If they seem interested in being outdoors and hunting in general, the next step is to get them their own youth hunting gear and a bow to practice with. Start young kids (i.e., 5 to 10 years old) off with a small compound bow that’s easy to pull back, such as the Bear Archery Scout compound bow for kids. Also be sure to grab some Gold Tip Falcon 35 Arrows, and a Tru-Fire Junior Release. You can even use round-tipped play arrows for a while. They can practice with these to grasp the basic concepts and safety considerations until they are able to use a youth compound bow. Most states allow youth hunting with a bow at ages 10 to 12, provided a licensed hunter accompanies them.

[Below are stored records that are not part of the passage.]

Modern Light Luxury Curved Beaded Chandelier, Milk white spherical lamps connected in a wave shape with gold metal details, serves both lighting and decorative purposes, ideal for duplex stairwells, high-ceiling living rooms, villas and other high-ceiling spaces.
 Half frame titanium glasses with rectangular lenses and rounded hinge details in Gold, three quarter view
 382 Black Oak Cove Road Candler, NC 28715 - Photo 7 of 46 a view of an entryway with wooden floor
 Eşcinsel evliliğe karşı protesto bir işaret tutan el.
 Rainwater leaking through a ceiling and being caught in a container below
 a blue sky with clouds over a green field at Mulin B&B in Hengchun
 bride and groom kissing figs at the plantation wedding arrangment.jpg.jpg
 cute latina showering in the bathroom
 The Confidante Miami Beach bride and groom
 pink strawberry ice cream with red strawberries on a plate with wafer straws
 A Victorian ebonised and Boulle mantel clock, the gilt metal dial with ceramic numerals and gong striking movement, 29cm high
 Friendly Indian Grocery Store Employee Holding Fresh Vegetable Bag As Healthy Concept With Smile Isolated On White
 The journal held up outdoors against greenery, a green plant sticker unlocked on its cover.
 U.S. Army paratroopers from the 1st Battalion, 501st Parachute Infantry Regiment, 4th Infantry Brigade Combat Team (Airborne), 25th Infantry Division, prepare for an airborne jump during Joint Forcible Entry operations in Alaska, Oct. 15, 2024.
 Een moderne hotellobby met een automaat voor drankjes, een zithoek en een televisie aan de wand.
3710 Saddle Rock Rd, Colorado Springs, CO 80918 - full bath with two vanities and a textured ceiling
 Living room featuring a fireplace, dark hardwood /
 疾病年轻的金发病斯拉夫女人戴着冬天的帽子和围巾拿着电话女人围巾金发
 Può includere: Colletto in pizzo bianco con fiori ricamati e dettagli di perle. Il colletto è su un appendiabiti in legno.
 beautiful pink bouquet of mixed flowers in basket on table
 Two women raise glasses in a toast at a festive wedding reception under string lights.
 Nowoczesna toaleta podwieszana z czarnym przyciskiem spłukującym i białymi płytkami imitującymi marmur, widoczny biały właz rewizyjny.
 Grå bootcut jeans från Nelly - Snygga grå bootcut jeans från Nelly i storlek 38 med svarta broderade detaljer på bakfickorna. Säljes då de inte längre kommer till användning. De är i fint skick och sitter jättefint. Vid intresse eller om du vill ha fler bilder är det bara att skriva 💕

You can find youth compound bows for sale at almost any sporting goods store, like SCHEELS, near you or bear compound bows for kids through Bear Archery. Either way, they can help you find one that fits your child well. Like any hunting gear for kids, it’s tricky business because you don’t want to get one that’s too large for them, but don’t want to buy a new bow every couple years as they grow. Try to find a happy middle ground between these two approaches. Regarding the size, a proper bow shop can match a bow to your child’s frame, and determine the best draw weight. Start small at first (i.e. generally around 15-20 pounds), but allow them to work up the strength as their form improves. If you start too heavy, your youth may pick up some bad habits that will need correcting down the road. They won’t enjoy practicing and it could even discourage them from continuing to hunt.

Practice Makes Perfect

Once they’ve got good youth bows to fit them, you need to make sure they practice. As with any skill, the more they practice, the better they’ll get. The same is true for youth hunting. But as in the first step above, you need to keep it fun for them. In other words, don’t tell them they “need to practice 20 arrows a day or you’ll never be good enough to shoot a whitetail.” Hopefully that’s common sense, but it needs to be stated. Instead of that approach, get them interested in practicing on their own by setting up a small 3D target range in your back yard or taking them with to an archery range. When they get to shoot at anything from whitetails to dinosaurs to aliens, you can bet they’ll stay interested. Even for adult bow hunters, it’s nice to have some variety! Get them comfortable shooting from ground level before moving to an elevated position.

Raised At Full Draw Camps
(video)- Raised At Full Draw Camps, educates and involves the youth in the outdoors. These camps are to save the heritage of hunting and to pass it on to the next generation


If they seem really interested, you may want to send them to youth summer camps to learn some more archery skills, practice with peers, and just generally have a fun time. The Raised at Full Draw (RAFD) bow hunting camp exists to help youth learn archery and hunting techniques through hands-on outdoor education activities in a fun camp style of learning. It follows the curriculum of the National Bowhunter Education Foundation (NBEF) book, and ultimately does lead to bowhunting education certification.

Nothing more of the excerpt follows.